ENTRIES SHOWN -
----------
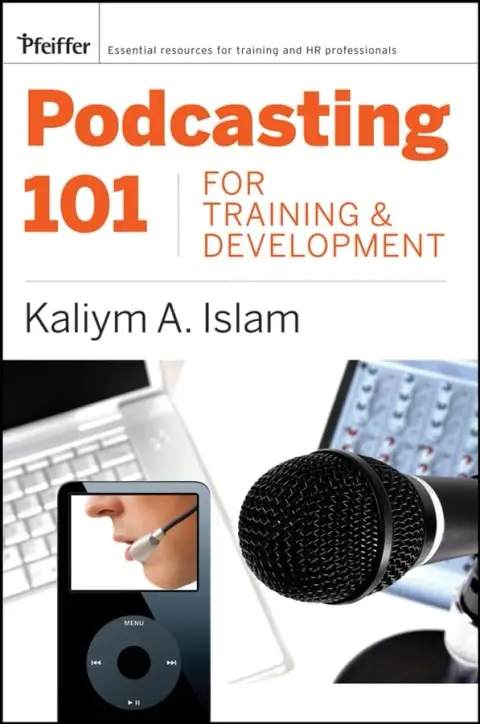 Cover of Podcasting 101 for Training and Development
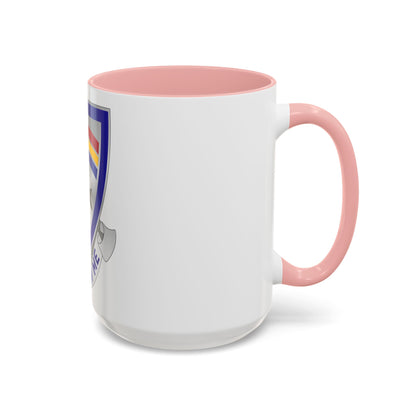 166th Infantry Regiment (U.S. Army) Accent Coffee Mug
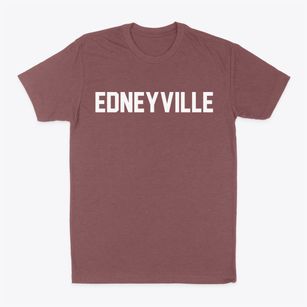 Edneyville North Carolina Classic Block Classic Dad T-Shirt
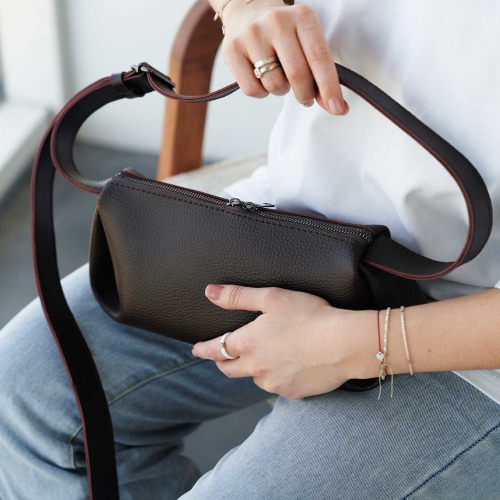 Сумка женская WeLassie 69905 Мей шоколадная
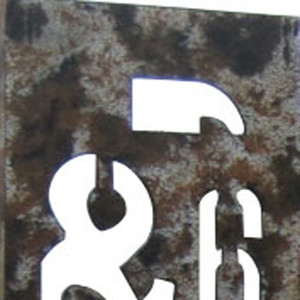 HMS 60 \ "X 71 \" antico marrone in legno invecchiato schermo pieghevole e mobile divisorio per la decorazione d'interni - Product Image 2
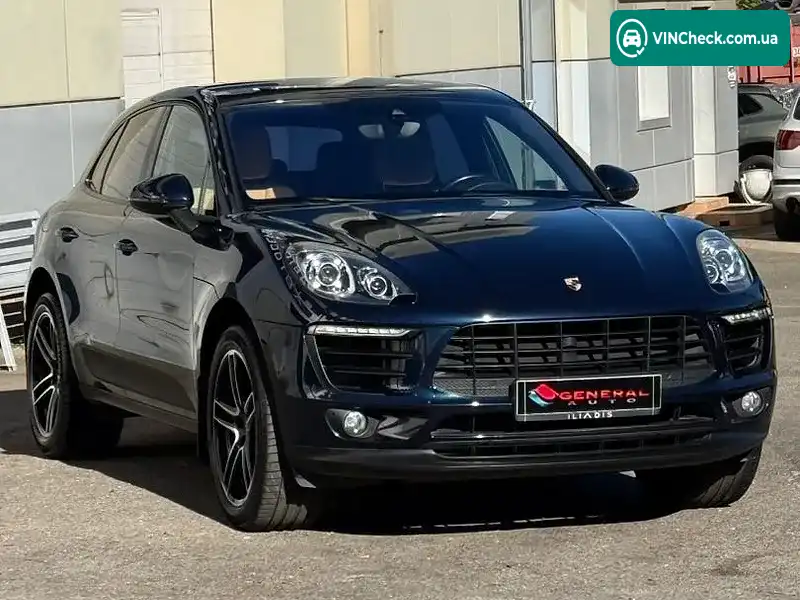 Porsche Macan 2017, фото з оголошення 2 з 20, VIN WP1ZZZ95ZHLB12518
----------
TRY IT -
Omitting all pictures, reproduce the records above in their entirety.

RESPONSE BELOW -
 Cover of Podcasting 101 for Training and Development
 166th Infantry Regiment (U.S. Army) Accent Coffee Mug
 Edneyville North Carolina Classic Block Classic Dad T-Shirt
 Сумка женская WeLassie 69905 Мей шоколадная
 HMS 60 \ "X 71 \" antico marrone in legno invecchiato schermo pieghevole e mobile divisorio per la decorazione d'interni - Product Image 2
 Porsche Macan 2017, фото з оголошення 2 з 20, VIN WP1ZZZ95ZHLB12518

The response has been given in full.